Extending Serum Half-life of Albumin by Engineering FcRn Binding [Immunology]

March 20th, 2014 by Andersen, J. T., Dalhus, B., Viuff, D., Thue Ravn, B., Gunnarsen, K. S., Plumridge, A., Bunting, K., Antunes, F., Williamson, R., Athwal, S., Allan, E., Evans, L., Bȷoras, M., Kȷarulff, S., Sleep, D., Sandlie, I., Cameron, J.

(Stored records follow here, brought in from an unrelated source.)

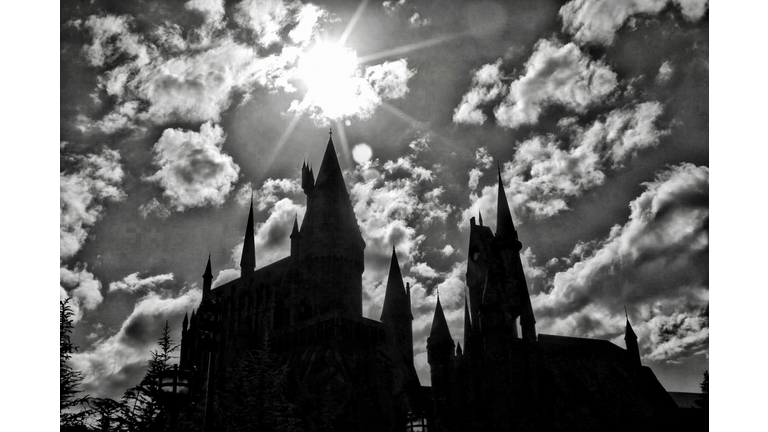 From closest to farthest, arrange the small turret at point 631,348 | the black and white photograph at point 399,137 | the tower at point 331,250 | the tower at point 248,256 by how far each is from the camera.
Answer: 1. the black and white photograph at point 399,137
2. the small turret at point 631,348
3. the tower at point 331,250
4. the tower at point 248,256

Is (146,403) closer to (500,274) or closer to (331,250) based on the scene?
(500,274)

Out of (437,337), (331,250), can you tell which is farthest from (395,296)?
(437,337)

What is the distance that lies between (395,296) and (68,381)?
133 feet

A major challenge for the therapeutic use of many peptides and proteins is their short circulatory half-life. Albumin has an extended serum half-life of three weeks due to its size and FcRn-mediated recycling that prevents intracellular degradation, properties shared with IgG antibodies. Engineering the strictly pH dependent IgG-FcRn interaction is known to extend IgG half-life. However, this principle has not been extensively explored for albumin. We have engineered human albumin by introducing single point mutations in the C-terminal end that generated a panel of variants with greatly improved affinities for FcRn. One variant (K573P) with 11-fold improved affinity showed extended serum half-life in normal mice, mice transgenic for human FcRn and cynomolgus monkeys. Importantly, favorable binding to FcRn was maintained when a single-chain fragment variable antibody was genetically fused to either the N- or C-terminal end. The engineered albumin variants may be attractive for improving the serum half-life of biopharmaceuticals.